Monday, May 25, 2026

DON'T BE SO SURE THAT TRUMP'S IRAN SURRENDER WILL BE A LOSS FOR HIM

In The Atlantic, David Frum declares that President Trump lost his war with Iran, and lists the reasons why. One reason, Frum writes, is this:
Trump is reckless. Trump is not a plan-ahead guy. He plunges into desperate adventures without any clear endgame in mind. What really was Trump’s plan on January 6, 2021? After Mike Pence was seized by rioters and forced at gunpoint to recite the magic words Trump wanted him to say, what was supposed to happen then? The 81 million American majority who’d voted against Trump in 2020 would submit? The military, CIA, and FBI would follow blatantly illegal orders? In 2021, Trump provoked violence and hoped it would all somehow work out. He followed the same approach again in 2026.
This got me thinking: Did Trump really fail on January 6?

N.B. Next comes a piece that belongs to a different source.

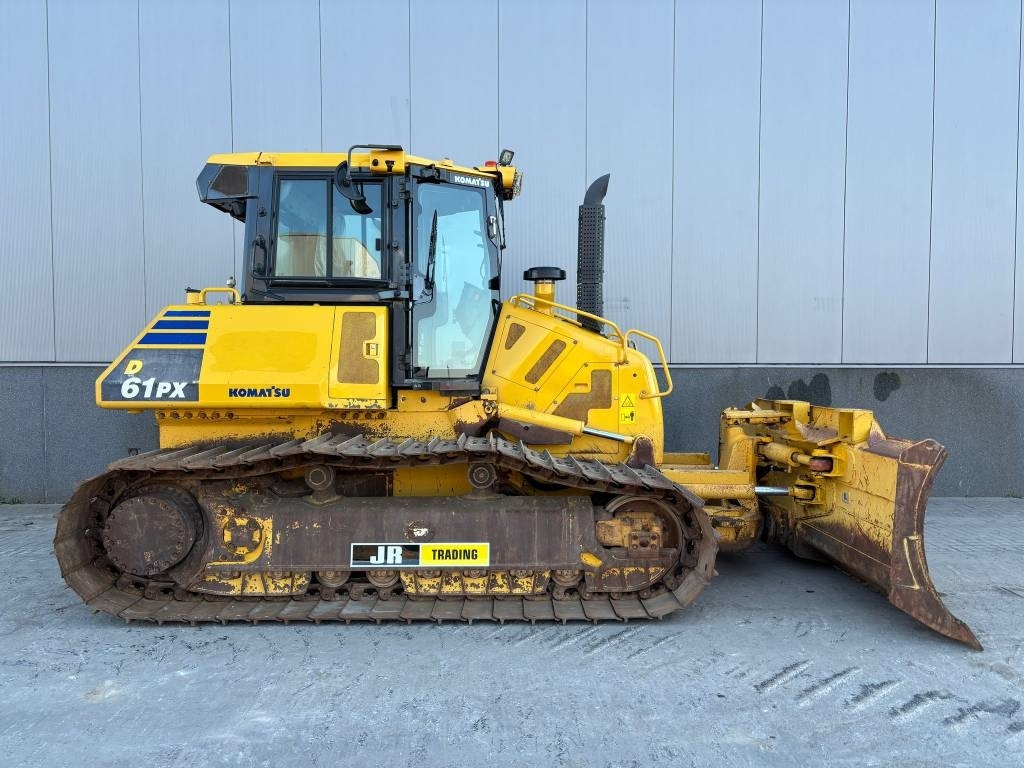 Komatsu D 61 PX-23 - Bulldozer: das Bild 5 Komatsu D 61 PX-23 - Bulldozer: das Bild 5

I don't know what Trump's plan was, but at minimum it was to save face. Trump wanted to be perceived as someone who went down fighting (even though he left the fighting to his followers, the way the owner of a resort might ask the help to tidy up the rose bushes). In that sense, he got what he wanted.

But I think it can be argued that January 6 was a success for Trump -- just not right away. During the "stop the steal" period after the 2020 election, Trump turned an electoral defeat into a Lost Cause. He persuaded millions of Americans that he was the legitimate winner. Then he dodged accountability -- he wasn't arrested, he wasn't convicted after impeachment, and he wasn't successfully prosecuted. Many of his followers went to prison, but he succeeded in making them martyrs -- martyrs whom ordinary Trump admirers found relatable. In the primaries, it's quite possible that he beat Ron DeSantis, Nikki Haley, and other challengers precisely because of January 6 and "stop the steal." What Republican base voters want most of all is to own the libs. Even a vote for DeSantis, a tireless culture warrior, didn't seem as lib-owning as a vote for Trump, who had persuaded the base that the libs stole the presidency from him.

In the way that historians such as Heather Cox Richardson argue that the South ultimately won the Civil War, I think we can argue that Trump won January 6, even if it took four years for him to collect his winnings.

If fall arrives and Trump's Iran surrender has lowered gas prices to an approximation of where they were before the war, while he's persuading gullible rubes that he saved America from an imminent Iranian nuclear attack, then he might ultimately win this time, too. Maybe the outcome would change if Democrats were willing to compare and contrast Trump's deal with the nuclear deal negotiated during Barack Obama's presidency, which cost America nothing in blood and treasure -- but apart from Obama himself, Democrats have never been willing to defend that deal, much less boast about it.

So at the very least, I think Trump will emerge from this debacle in better shape than he's been for the past three months.